Please take a look...


----------



## Quercusuber (Nov 10, 2011)

Awesome video!!!!

I know what you mean: I've once did a trade with Littlebear and I can say that is work is one of the most artistic and perfect in the slingshot hobby!!!! You're truly a lucky man 

Yeah, and I know ...I have also several slingshots that I'm afraid to shoot. You could say that sometimes the beauty surpasses the practical (even if they are great shooters)

Cheers ...Q


----------



## capnjoe (Jun 3, 2012)

Hear Hear! Harrumph, and you got that right, buddy.
Little Bear has the skills to pay the bills.

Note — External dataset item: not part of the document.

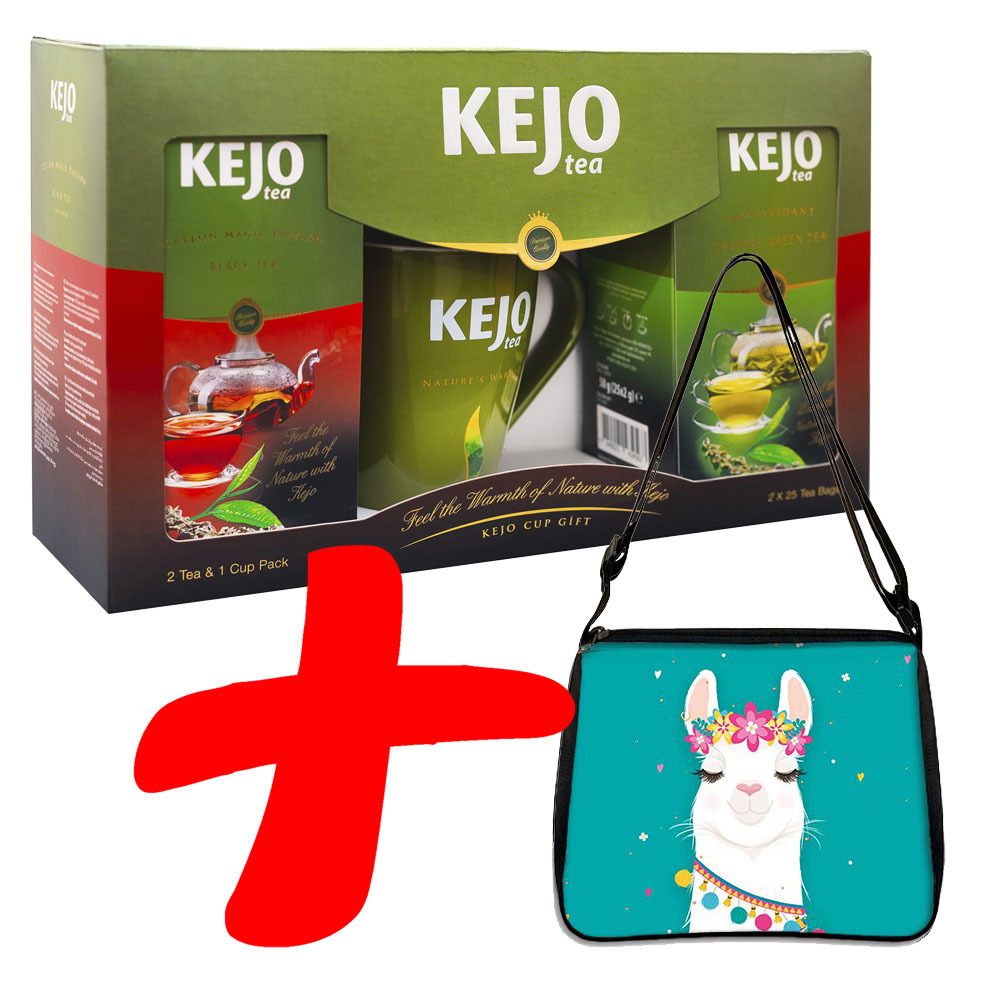 

Подарочный набор KEJOfoods Черный и зеленый чай 50 пакетиков, кружка, сумка Лама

Incredible workmanship.


----------



## ultravisitor (Oct 21, 2012)

Well said!


----------



## Sofreto (May 10, 2012)

Beautiful...


----------



## rapidray (Dec 15, 2012)

the PFS is very nice! I like the color...it even matches your throw rug on the floor! enjoy!


----------



## treefork (Feb 1, 2010)

Oh ya!


----------



## popedandy (Sep 14, 2012)

Little Bear does outstanding work. That is a beautiful looking pair!


----------



## NightKnight (Dec 16, 2009)

Great slingshot! And an awesome, and quite thorough review!


----------



## bigron (Nov 29, 2012)

sweet shooters


----------



## Mr.Teh (Feb 28, 2012)

..very good work, i like it


----------



## Prokidsco (Dec 7, 2012)

How can we buy one?


----------



## Pawpawsailor (Jun 8, 2012)

Prokidsco said:


> How can we buy one?


Contact Little Bear


----------



## Prokidsco (Dec 7, 2012)

Pawpawsailor said:


> How can we buy one?


Contact Little Bear[/quote]

I did a search for him and it did not find him....


----------



## Mr.Teh (Feb 28, 2012)

Prokidsco said:


> Pawpawsailor said:
> 
> 
> > Prokidsco said:
> ...


Hello Prokidsco, you find him in the members list, send a pm 

Welcome to the forum !


----------